Smith honored by NBA Hall of Fame
1974 Ball State graduate Sam Smith will receive the 2012 Curt Gowdy Media Award this summer at the annual Naismith Basketball Hall of Fame ceremony in Springfield, Mass. The award is the National Basketball Association’s (NBA) top media honor.
After earning his BSU graduate degree in 1974, the Brooklyn, N.Y.-native and former accountant spent three decades working courtside at Chicago Bulls games. For 28 years, Smith covered the Chicago Bulls for the Chicago Tribune. He now writes for the Bulls’ website.
“Here I have a job that’s like a fantasy camp for most adults,” Smith said. “I get to go to ballgames all the time and sit in the front row. To have a job that’s my own personal fantasy and get honored for doing that job is a fantasy in itself. I consider myself incredibly fortunately lucky that I’ve been able to do this and get acknowledged for it.”
Smith found his way into journalism through his love of sports.
“Like most kids, I wanted to be a pro athlete, but I realized that wasn’t going to come to me at my size and ability,” Smith said. “I always was in awe of newspapers because they were such a presence in my home and family. There were always five or six newspapers in my home every day, but my thought was that was something out of my league.”
After high school, Smith went to Pace University in New York. Though Pace lacked a journalism program, Smith took advantage of the chance to cover sports for the college’s weekly newspaper while he completed a business degree. His work received positive reviews from a Columbia University professor who critiqued Pace’s newspaper.
Those encouraging words led Smith to Ball State after two years in the accounting business. Smith said he came to Ball State in search of skills he needed to pursue his big-city journalism dreams. He called BSU “the perfect situation for me.”
“They took a chance on somebody who had no experience or background [in journalism], but I was able to get involved in so many facets that were a great launch into a career,” Smith said. “That was such a valuable year in my life. I really got to do so much, was exposed to so much and experienced so much. I’m forever grateful for the experience I had there at Ball State.”

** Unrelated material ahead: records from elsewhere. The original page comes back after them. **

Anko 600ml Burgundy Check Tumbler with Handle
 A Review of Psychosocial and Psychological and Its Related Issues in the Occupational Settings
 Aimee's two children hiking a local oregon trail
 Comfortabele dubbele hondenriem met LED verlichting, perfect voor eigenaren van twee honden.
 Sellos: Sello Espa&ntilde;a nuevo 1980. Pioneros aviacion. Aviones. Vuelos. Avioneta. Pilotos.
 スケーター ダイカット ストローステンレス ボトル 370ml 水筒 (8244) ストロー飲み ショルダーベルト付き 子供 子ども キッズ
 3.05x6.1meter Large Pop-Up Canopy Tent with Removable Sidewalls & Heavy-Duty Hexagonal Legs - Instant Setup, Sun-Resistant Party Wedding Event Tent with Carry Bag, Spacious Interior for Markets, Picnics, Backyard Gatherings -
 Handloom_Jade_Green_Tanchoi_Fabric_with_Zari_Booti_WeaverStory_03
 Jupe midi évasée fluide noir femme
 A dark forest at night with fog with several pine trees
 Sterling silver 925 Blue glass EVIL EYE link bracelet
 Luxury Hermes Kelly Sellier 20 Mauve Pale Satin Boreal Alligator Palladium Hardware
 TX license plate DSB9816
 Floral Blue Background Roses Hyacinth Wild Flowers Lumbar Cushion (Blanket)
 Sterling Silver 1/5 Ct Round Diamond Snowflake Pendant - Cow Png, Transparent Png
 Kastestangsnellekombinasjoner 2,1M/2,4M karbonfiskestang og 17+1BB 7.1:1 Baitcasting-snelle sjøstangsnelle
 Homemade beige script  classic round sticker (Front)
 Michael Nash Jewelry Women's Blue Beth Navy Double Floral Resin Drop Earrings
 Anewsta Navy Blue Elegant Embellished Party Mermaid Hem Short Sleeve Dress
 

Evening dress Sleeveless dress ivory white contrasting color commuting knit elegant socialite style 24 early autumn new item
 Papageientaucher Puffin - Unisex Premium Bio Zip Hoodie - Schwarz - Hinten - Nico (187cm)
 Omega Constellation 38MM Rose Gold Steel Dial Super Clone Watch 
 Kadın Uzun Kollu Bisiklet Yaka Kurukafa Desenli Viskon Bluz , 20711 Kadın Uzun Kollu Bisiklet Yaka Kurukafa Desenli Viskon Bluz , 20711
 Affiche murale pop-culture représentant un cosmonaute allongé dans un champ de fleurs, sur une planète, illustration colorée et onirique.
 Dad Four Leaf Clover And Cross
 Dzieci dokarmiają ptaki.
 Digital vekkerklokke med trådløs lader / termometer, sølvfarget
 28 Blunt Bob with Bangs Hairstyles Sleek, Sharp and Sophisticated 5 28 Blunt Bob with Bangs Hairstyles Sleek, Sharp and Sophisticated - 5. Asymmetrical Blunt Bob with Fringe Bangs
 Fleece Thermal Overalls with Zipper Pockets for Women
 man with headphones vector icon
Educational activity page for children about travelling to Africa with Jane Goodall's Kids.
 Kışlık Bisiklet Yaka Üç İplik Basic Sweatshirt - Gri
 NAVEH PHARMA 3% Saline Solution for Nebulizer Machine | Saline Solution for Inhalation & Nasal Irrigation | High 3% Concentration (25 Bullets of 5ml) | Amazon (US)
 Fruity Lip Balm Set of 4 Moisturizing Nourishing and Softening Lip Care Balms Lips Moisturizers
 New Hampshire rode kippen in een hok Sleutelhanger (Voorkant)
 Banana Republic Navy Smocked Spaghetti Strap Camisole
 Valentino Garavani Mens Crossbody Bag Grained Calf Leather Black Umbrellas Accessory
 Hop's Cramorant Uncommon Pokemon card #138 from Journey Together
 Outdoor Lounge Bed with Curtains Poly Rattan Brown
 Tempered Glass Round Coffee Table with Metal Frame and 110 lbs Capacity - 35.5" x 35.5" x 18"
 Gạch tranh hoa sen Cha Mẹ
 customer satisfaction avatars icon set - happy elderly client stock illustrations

Former faculty Mark Popovich, Ken Atwell and Earl Conn mentored Smith.
“I got a lot from those three guys being able to pump them for their experiences,” Smith said. “Those people not only helped me with placement, but they followed my career and helped me. My experience was one of the most influential turning points of my life.”
Smith achieved his dream in 1979 when he joined the Chicago Tribune’s national and political desk.
“When I was at Ball State, it was a big deal to read the Chicago Tribune about these people, and it was the goal of everybody in the department to work there,” Smith said. “I set my goal to do that and didn’t know if I’d be able to do this. In the interim, I found something I loved doing along the way.”
He switched to the sports desk in 1982 “as a serendipity.”
“I never thought it would be a serious enough thing to do with my life,” Smith said. “It worked out great. Chicago sports got big at that time — [Michael] Jordan, the [White] Sox in ‘83 … I was coming into the sports world where the teams were all great.”
Those early years in sports coincided with October play from the Cubs and White Sox, a Bears Super Bowl, routine postseason appearances by the Blackhawks and the Bulls’s 1984 draft of Michael Jordan.
Smith shadowed Jordan the day the future legend moved to town.
“I ended up doing the Bulls from the day Jordan came,” Smith said. “I got hooked on it. It was an extraordinary time because of what the Bulls and he became.”
Smith chronicled the Bulls for a behind-the-scenes look during their 1991 season. The notes became “The Jordan Rules,” modeled after David Halberstam’s tale of the 1979 Portland Trail Blazers.
“Fans get to see the game from the outside looking at the court and read features, but they don’t get to know what truly goes on,” Smith said. “I thought this would be the opportunity to write behind-the-scenes. I did it, and it was luck. It happened to be the Bulls won the championship that year, and Jordan got into all sorts of issues.”
The book made the New York Times’s best-seller list as a rare critical look at the life of a basketball legend.
“At the time, Jordan was portrayed as perfect — the perfect son, perfect husband, perfect everything,” Smith said. “I sort of lifted the veil off the emperor.”
Smith also authored “The Second Coming: The Strange Odyssey of Michael Jordan from Courtside to Home Plate and Back Again” in 1996.
This summer’s honors ceremony unites two Chicago legends: Smith and former Bull Chet Walker will both be inducted.
“The basketball hall of fame is low on short, white guys who couldn’t dunk, and now I’m in that,” Smith said.